There are a lot of mosquitoes here. One of the best ways of not attracting them at night is to keep all the lights off. It is very dark here without any light... no, really! I keep thinking, '"The people who walked in darkness have seen a great light." ...And then it went off again.' 

One of the things about it being very very dark here at night is all the other bugs, - apart from mosquitoes! I trod on a slug last week. We sometimes had slug-truders in Norfolk, yellowish, translucent, with green stripes. This was a big black woodland one. Interestingly, less slimy to the foot than those others, but big. Really big. I imagine that by autumn there may be a river of slugs in the corridor, slipping under the front door, cutting me off from the kitchen and the loo, clamouring at the bedroom door, bursting under it and coming in through the window. The dark is like that. It exaggerates and summons up bad thoughts. 

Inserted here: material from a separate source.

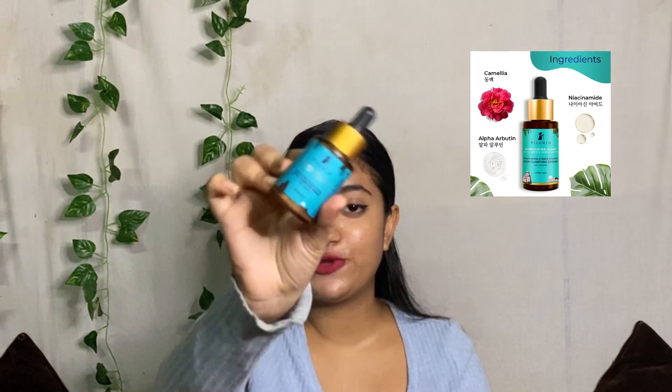I'm going to give 90 out of 100 to this face wash — yes, I'm very happy with this purchase. The next product from this range is a face serum. Its full name is 'Niacinamide and Ultra Arbutin Skin Clarifying Serum with Camellia.' The main ingredient is Camellia. Camellia and tripeptide regulate sebum production and prevent future breakouts. The serum has been crafted to reduce the appearance of acne scars, pits, and dark spots.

Another time I staggered to the bathroom in the dark, hands outstretched. I found the lightswitch and a shaft of light suddenly fell across my path, something big with multiple digits scuttled away from the light and lay nightmarishly in wait just on the edge of the illuminated patch. On the way back to bed I plucked up the courage to take a closer look, now that my eyes had adjusted to the dim light, It was a centipede. 

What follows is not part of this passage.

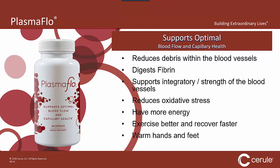So we launched Plasma Flow, and from a synergistic point it made complete sense. Plasma Flow supports optimal blood flow and capillary health. It reduces debris within the blood vessels and digests the fiber and mesh that can form in your blood vessels and trap your red blood cells. Remember, stem cells use the bloodstream as a highway to reach the area they need to repair — if that highway is clogged with debris, it takes longer, leaving cells damaged longer. People who use Plasma Flow say they have more energy, can exercise better, recover faster, and notice warm hands and feet for the first time in years because blood flow can get to where it needs to go.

It's not just the bugs, last night it was real nightmares, nightmares which included my children. 

Fortunately I know the cure for nightmares. 

In fact I would say that nightmares, when they come round, are usually my personal invitation to get back to it. 

Praying the rosary, of course. 

I have a line in my head, perhaps one of the motivational quotes from our parish newsletter once: "If you want to get to know Jesus, pray the rosary." it might have been Fulton Sheen.   

Jesus went through the real-life nightmare. Real saddistic torture at the hands of the state. The state which fundamentally is entrusted with it's peoples' safety, having something like a paternal responsibility for them. 

In so suffering Jesus puts himself with the real vicitms of torture and abuse, and his mother, Our Lady, stands with those who have to watch as someone they love is wrenched apart. 

And we can get to know all about that divine presence with us, in our sufferings, by meditating on the mysteries of the the rosary. The rosary is how I get to sleep when I otherwise can't. It's a reality check when my thoughts are spiralling. Or sometimes it's an invitation to sit and rest in the arms of a Father and a King who is Good.

"The rosary leads us to contemplate the beauty on the face of Christ and to experience the depths of his love." JP2 

The people who walked in darkness have indeed seen a great light.